From: Robert Hemstock 04/26/2001 04:56 PM


To: Aleck Dadson/TOR/ECT@ECT, Harry Kingerski/NA/Enron@Enron, James D
Steffes/NA/Enron@Enron
cc: Patrick Keene/NA/Enron@Enron, Susan M Landwehr/NA/Enron@Enron, Daniel
Allegretti/NA/Enron@Enron
Subject: Proposed Enron Canada Advocacy Position on Gas Utility Hedging

As I have previously advised, there is an AEUB hearing scheduled to commence
next week in Alberta that will address the issue of Atco Gas hedging the
price of its default supply offering to customers in Alberta. I am trying to
finalize my instructions to our counsel on the position Enron Canada will
advocate in relation to utility hedging of default gas supply.

Atco is the primary gas utility in Alberta serving in excess of 90% of the
natural gas customers in the province. Based on the terminology that was
recently used by Dan Allegretti and Sue Landwehr in their memo to Dave
Delainey of April 13, 2001 's I would describe the Alberta gas market as an
"open access jurisdiction" as Atco has existing transportation rates that
allow "core customers" (residential, commercial, and institutional consumers)
to purchase the commodity directly from a retailer.

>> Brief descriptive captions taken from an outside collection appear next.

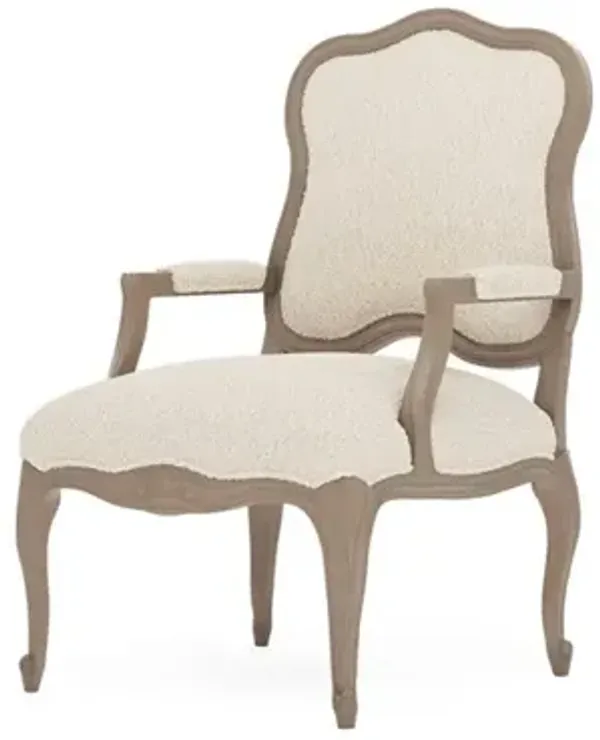 Lorraine Cotton Cloud Boucle Driftwood Chair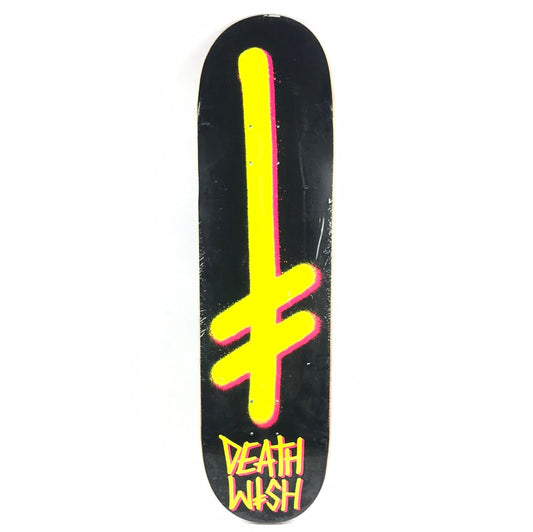 Deathwish Team Classic Spray Black/Yellow 8.5'' Skateboard Deck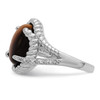 Lex & Lu Sterling Silver Tiger's Eye and Diamond Ring- 4 - Lex & Lu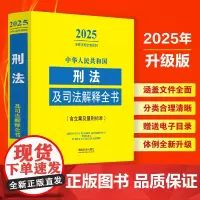 2025年版 中华人民共和国刑法及司法解释全书 含立案及量刑标准 中国法治出版社 9787521648737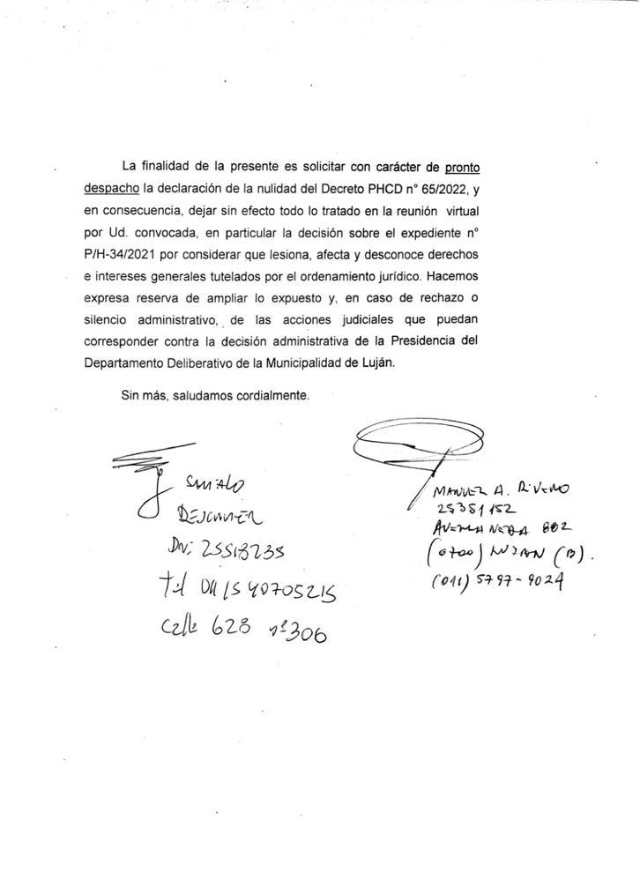 VecinalAsamblea's tweet photo. Cumplimos con el primer paso procesal para anular todo lo actuado en el Concejo Deliberante en la escandalosa "sesión" vía zoom, donde se desconoció la Ord. 6224, en favor de la termoeléctrica propiedad de Araucaria Energy S.A.

Más info: https://t.co/Ng3AEeUdXA https://t.co/NhxApJng2T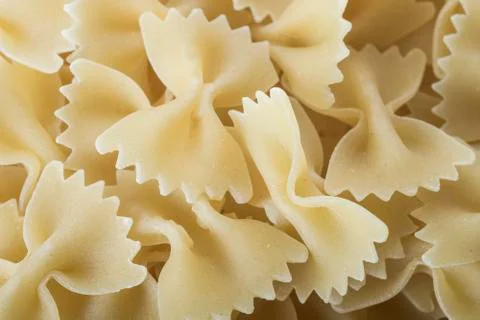 Macro texture farfalle pasta. Stock-Fotos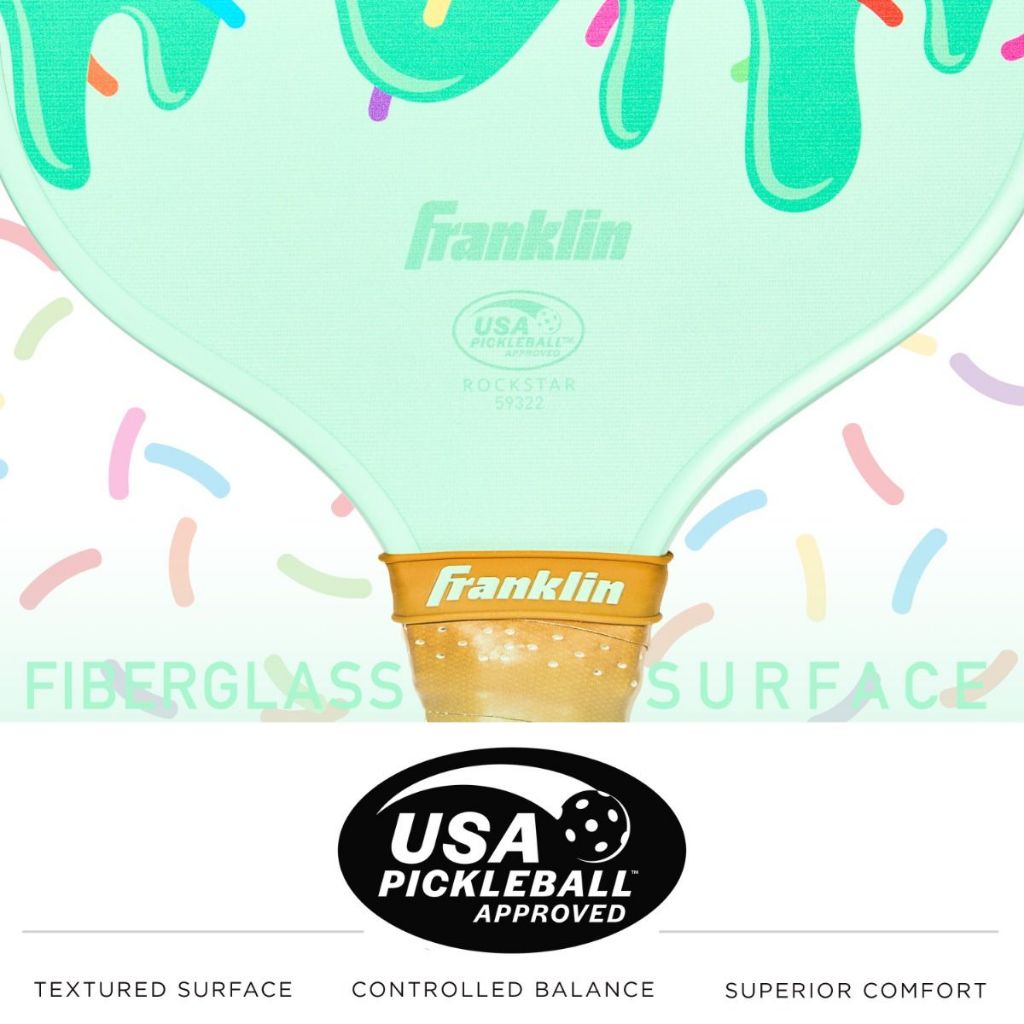 Franklin Kids Pickleball Paddle Youth Paddle Rockstar Ice Cream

For the purpose of this hearing it is beyond the AEUB's jurisdiction to
replace Atco as the default service provider by mandating the selection of
one or more default service providers through a competitive bidding process.
Also, in separate hearings the AEUB will be considering the issues of: 1)
more complete unbundling, and 2) the treatment of natural gas production
assets that are presently subsidizing Atco's gas costs.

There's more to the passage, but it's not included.